Exercise materials
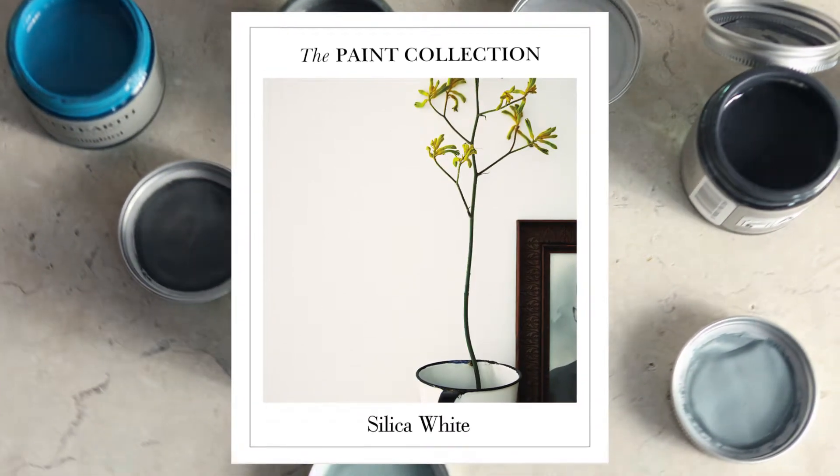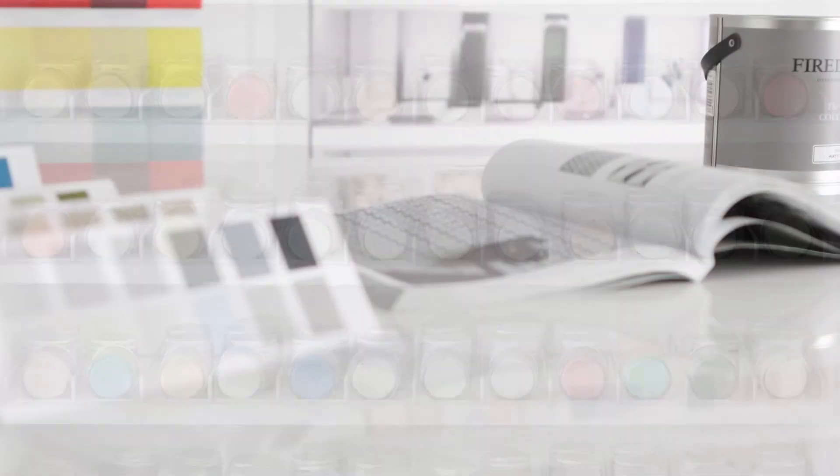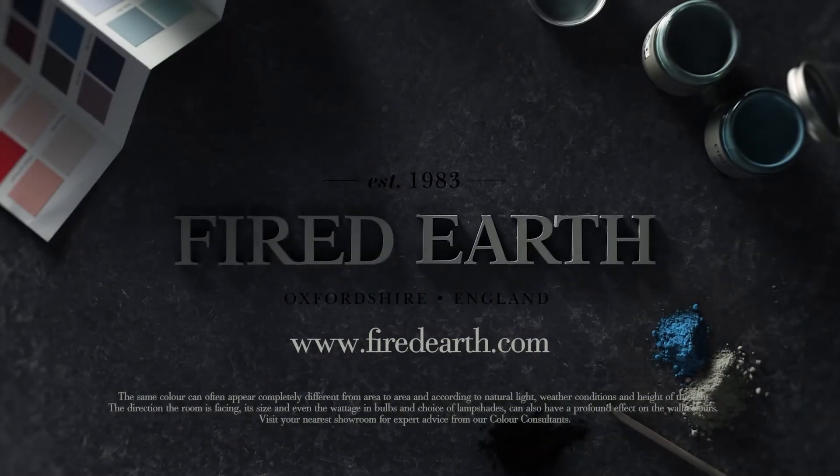If you would like to find out more about our colour consultations or you're in need of inspiration, pop into one of our showrooms where you can book an appointment or visit us online at firedearth.com.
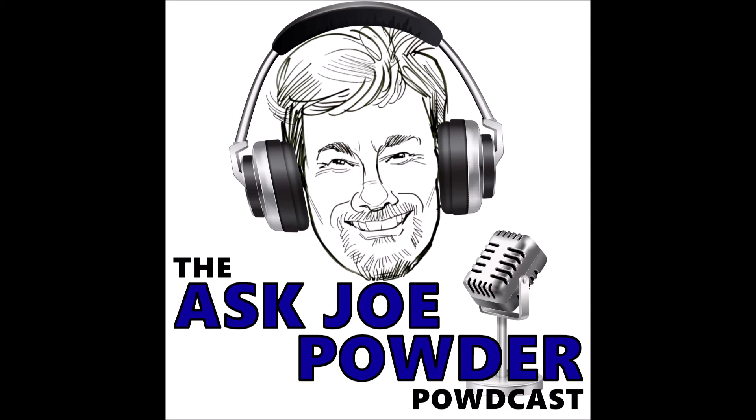Hello, all you powder coating fans, and welcome to episode 36 of the Ask Joe Powder Podcast. That's three dozen. Good job, pretty good with those numbers today. I'm your host, Joe Powder, a.k.a. Kevin Biller. And with me, as always, is my esteemed colleague, sidekick, Nathan. He's ChemQuest Powder Coating Research's formulator dude.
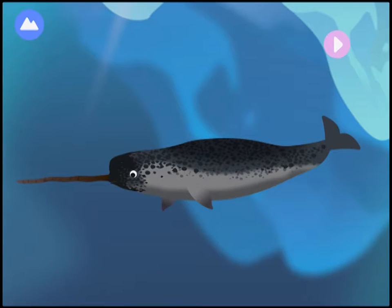This marine mammal is a whale and is often called the unicorn of the sea. Let's build a whale!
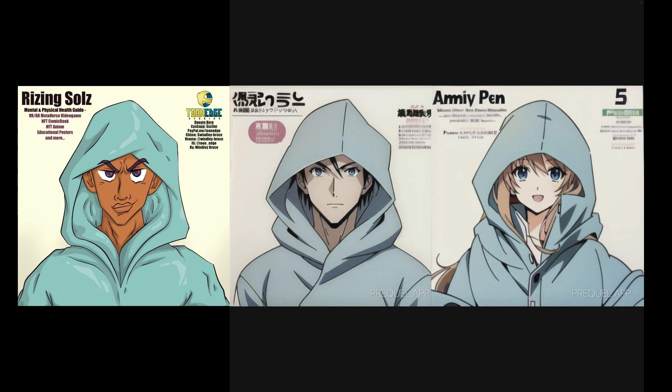I went ahead and started using some of these AI apps and was surprised by the results. On the far left, that's one of the characters I made for the mental and physical health comic book slash VR video game I'm making. The other two on the right are from the app — it's called Prequel. I generated like 10 of them, and what you can learn from that is there are different ways to draw folds, shadows, and highlights, and their colors are more desaturated than mine.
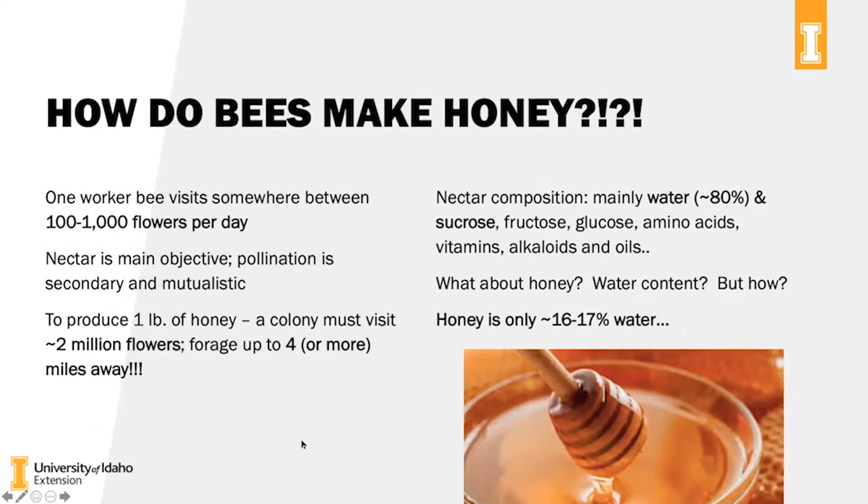So how do bees make honey? One worker bee visits somewhere between 100 to 1,000 flowers per day — quite the activity. Nectar is their main objective; pollination is secondary and mutualistic to that plant species. To produce one pound of honey, a colony must visit around two million flowers, and they forage up to three or four miles away from their colony. Nectar composition in the flower is mainly water — 80% water — along with some sucrose, fructose, glucose, amino acids, vitamins, alkaloids, oils, and so forth.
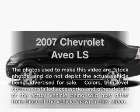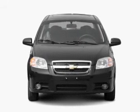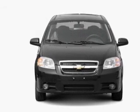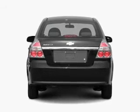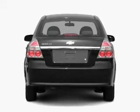Introducing the 2007 Chevrolet Aveo. Travel the roads in style and comfort in this great vehicle. With an efficient four-cylinder engine connected to a smooth shifting automatic transmission, premium wheels give a more luxurious look.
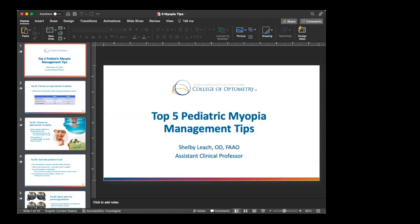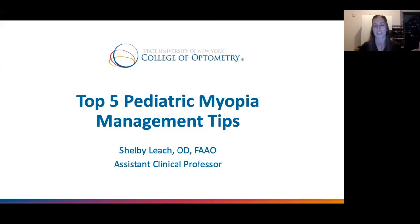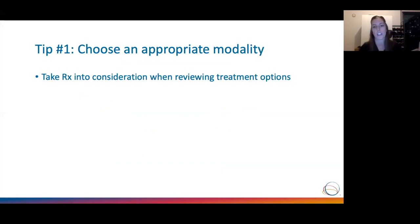Dr. Shelby Leach thanks the hosts and shares her screen for the clinical corner. She notes she caught only the tail end of the panel discussion, being in evening clinic, but says some tips will be re-emphasized because tackling myopia is teamwork and certain points cannot be heard enough. Her first tip: choose an appropriate modality by taking the child's prescription into consideration before discussing treatment options with the family.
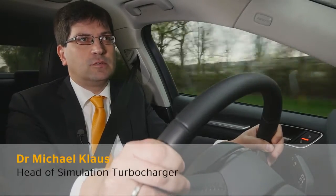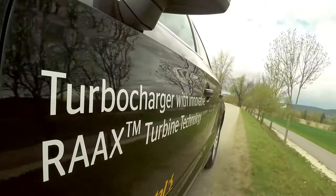The turbo lag is a leftover of the early days of turbocharger development. It has been reduced significantly by modern technology, but it is still noticeable. We at Continental moved on and developed a new turbine generation, and with this generation we are able to improve the vehicle response significantly.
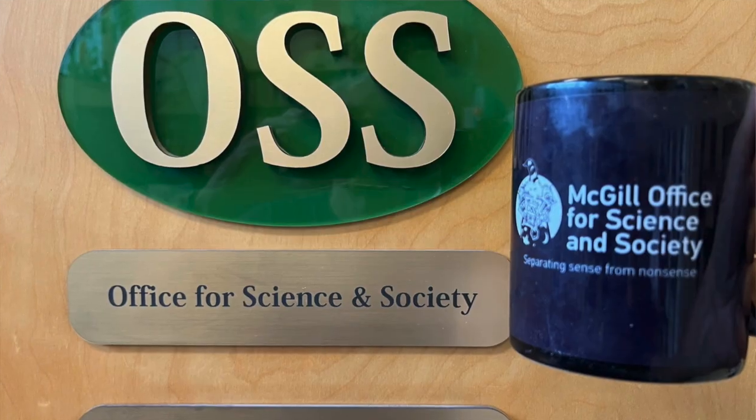You know what? Sometimes carelessness in the lab pays off. That, for today, is our cup of joe.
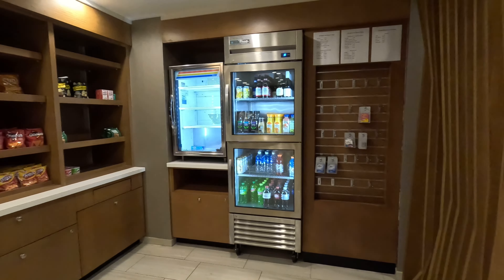We are in Hilton Head, South Carolina, and we're staying at the Spring Hill Suites in Hilton Head. I'm going to show you a little bit about it.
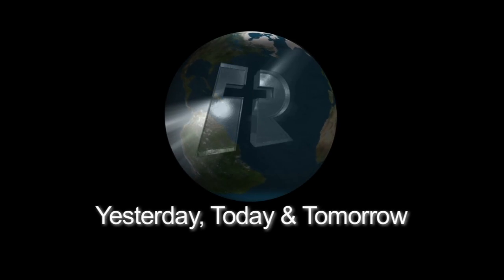Please continue to support Review and Herald Publishing Association as we grow for God. Thanks for joining us for this behind-the-scenes look at Review and Herald Publishing Association. We're working with you to spread the word — yesterday, today, and tomorrow.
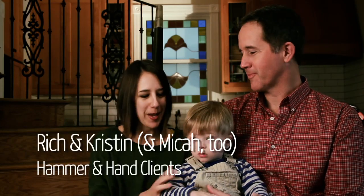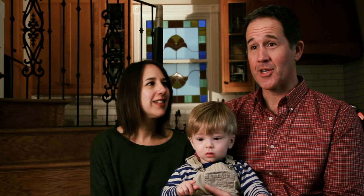My name's Rich. I'm Kristen. This is Micah. And we're here to tell you a little bit about our house.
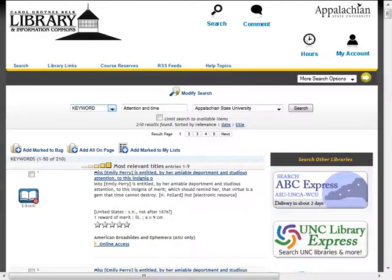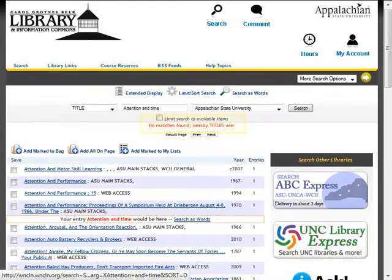Now let's search the Belk Library for the book, Attention and Time. The keyword search yields too many results. Let's switch to a title search. The title search tells us that no matches were found, so let's expand our search to the UNC Library Express.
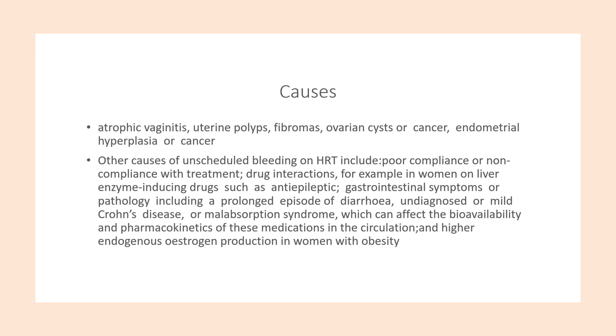Causes of abnormal uterine bleeding include atrophic vaginitis, uterine polyps, fibroids, ovarian cysts or cancers, and endometrial hyperplasia or cancer. Other causes of unscheduled bleeding on HRT include poor compliance or non-compliance, drug interactions such as liver-inducing drugs like anti-epileptics, gastrointestinal symptoms or pathology including prolonged diarrhoea, undiagnosed Crohn's disease, or malabsorption syndrome affecting bioavailability and pharmacokinetics of medications, and higher endogenous oestrogen production in women with obesity.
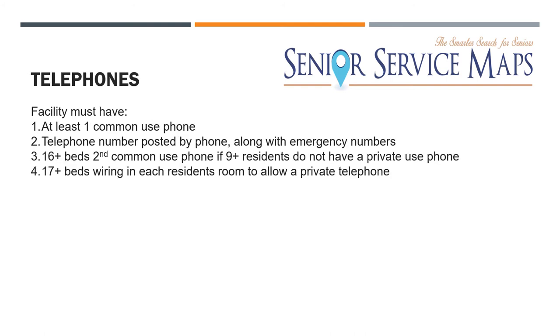Regarding telephones, you have to have at least one common use phone — one phone with a number all clients can use — and the facility's telephone number must be posted by the phone. For 16 or more beds, you need a second common use phone, but only if nine or more residents don't have a private cell phone. For 17 or more beds, you need wiring in each room so residents can have their own phone in their room.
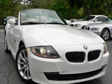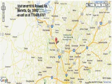Key features include automatic climate control, leather seats, CD player, anti-lock brakes, and cruise control. We're at 1616 Roswell Road in Marietta. Thanks for watching.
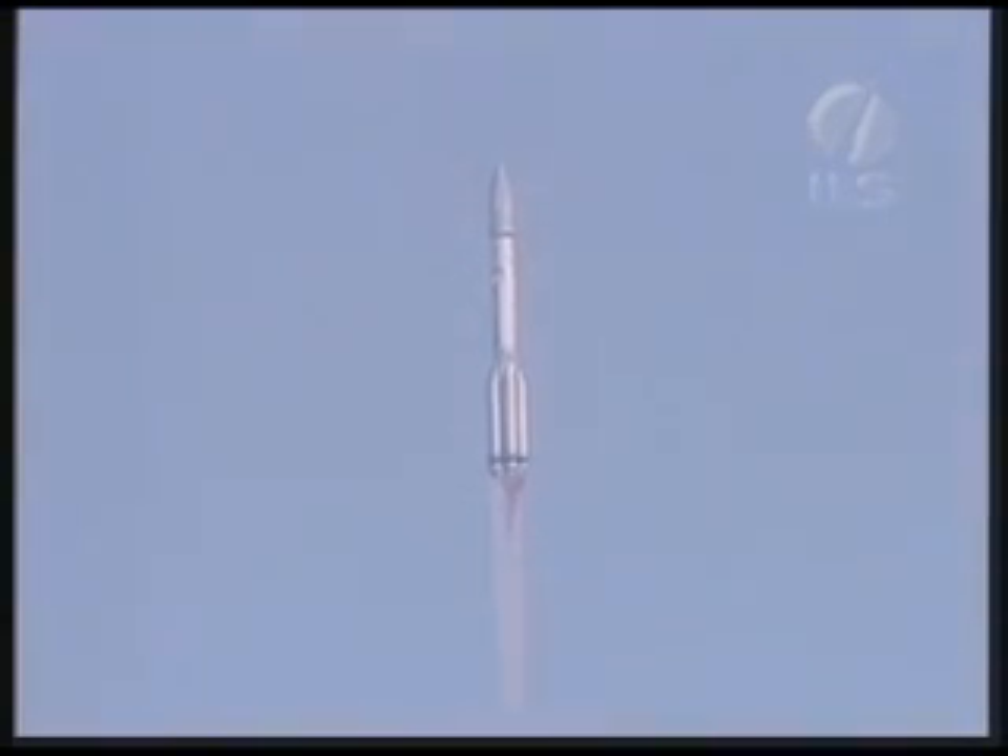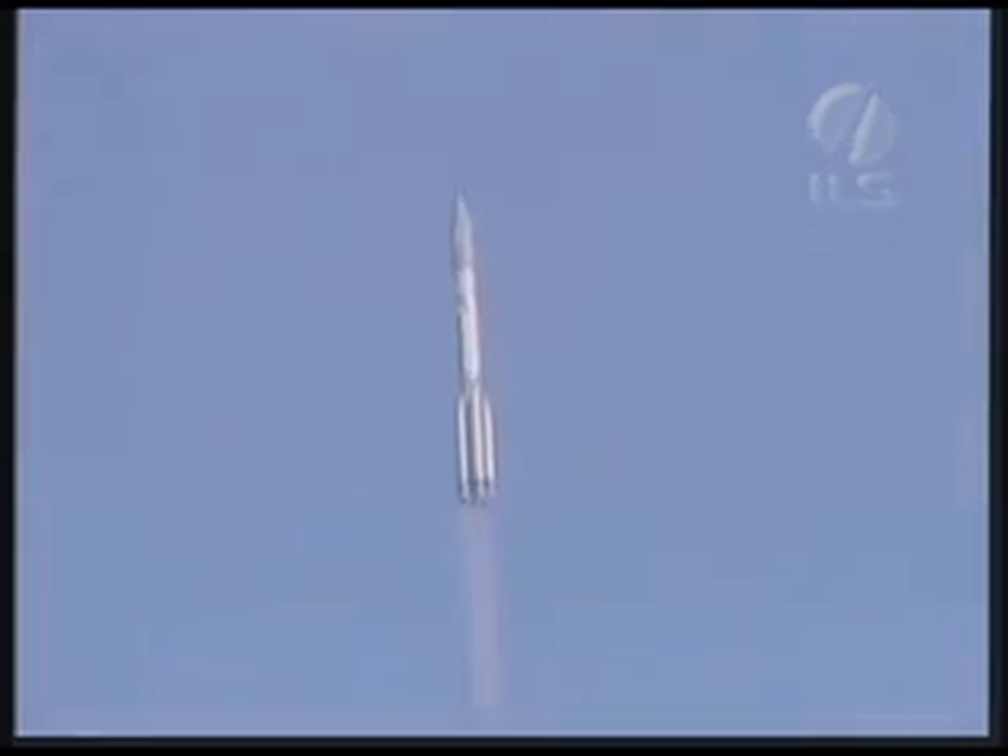We've just had liftoff, and the launch vehicle is performing a roll maneuver.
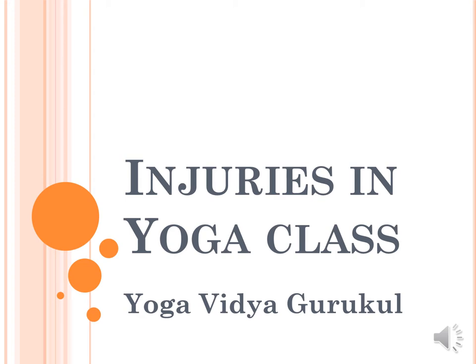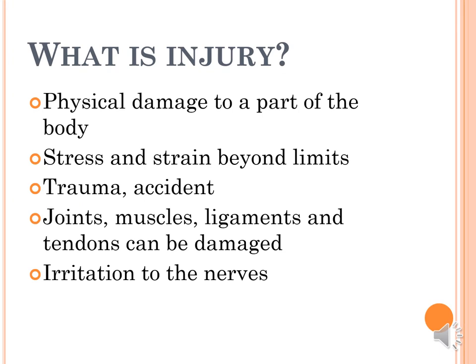So first we'll look at what is an injury. It can be physical damage to any part of the body. It can be stress and strain - going beyond one's limits or comfort. It can be trauma or accidents; for example, when you're going into a headstand and you fall out of it, or you come into some kind of arm balance and you slip. That kind of thing is unfortunately fairly common. It can also be damage to the joints, muscles, ligaments, and tendons.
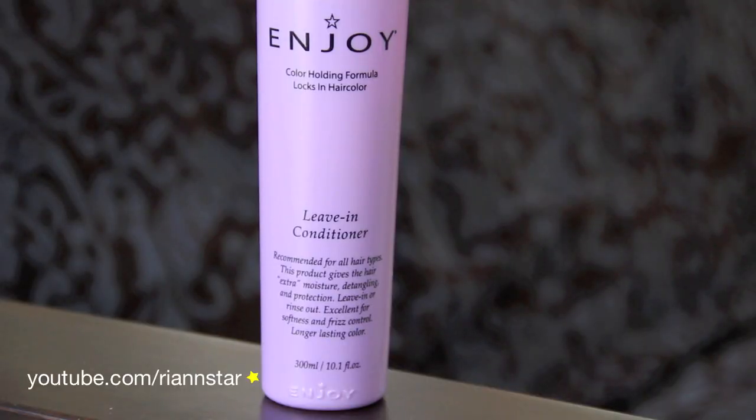After I get out of the shower, I use my Enjoy Leave-In Conditioner. I leave this in my hair all day and then wash it out the next morning. Using these two products in conjunction has really helped my hair revive itself and be more healthy, and I don't have to get it trimmed as often, so I'm really thankful for that.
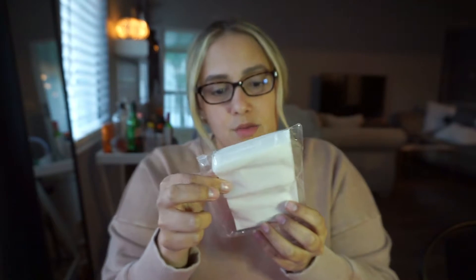Next up we have this Cogiedo pure cotton pads — 10 pads made from pure cotton, free of chemical treatments, harsh bleaches, and artificial pigments. Perfect for removing makeup and applying skincare products.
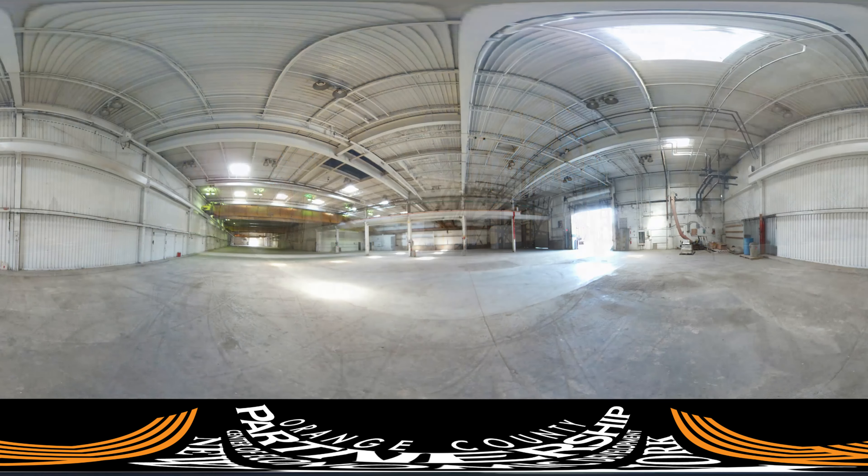As we step inside, you see this expansive space that formerly housed a steel fabricator. Look up at the 22 feet of clear ceiling height. You'll also see one of the overhead cranes that were left behind, and to your side, one of the three overhead doors here.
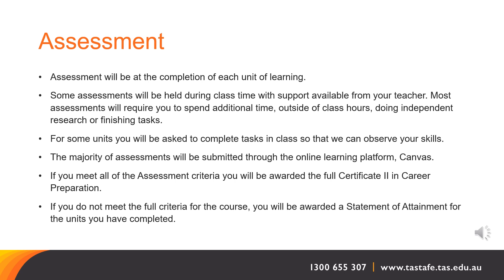Assessment information. Assessment will be at the completion of each unit of learning. Assessments will generally be in class time with support from your teacher. Some assessments may require you to spend additional time outside of class hours doing independent research or finishing the tasks. For some units, you will be asked to complete tasks in class so that we can observe your skills. The majority of the assessments will be submitted through the online learning platform, Canvas.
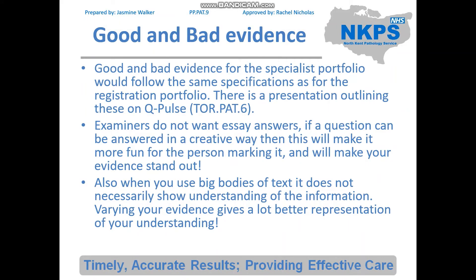Good and bad evidence for the specialist portfolio follows the same specifications as for the registration portfolio. There is a presentation outlining this on QPulse, but in general, if you are including extracts from external sources — whether photographs, diagrams, or text — these should be annotated and referenced to prove that you actually understand the information included. Examiners do not want essay answers. If a question can be answered in a creative way it will be more engaging for the marker and will make your evidence stand out. Using large bodies of text does not necessarily show understanding; varying your evidence gives a much better representation.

Problem to solve
Only an exact copy is needed: the lines from the opening of the listing through the line with "Hello, all you", both included, minus the pictures.

Solution below
If you would like to find out more about our colour consultations or you're in need of inspiration, pop into one of our showrooms where you can book an appointment or visit us online at firedearth.com.
Hello, all you powder coating fans, and welcome to episode 36 of the Ask Joe Powder Podcast. That's three dozen. Good job, pretty good with those numbers today. I'm your host, Joe Powder, a.k.a. Kevin Biller. And with me, as always, is my esteemed colleague, sidekick, Nathan. He's ChemQuest Powder Coating Research's formulator dude.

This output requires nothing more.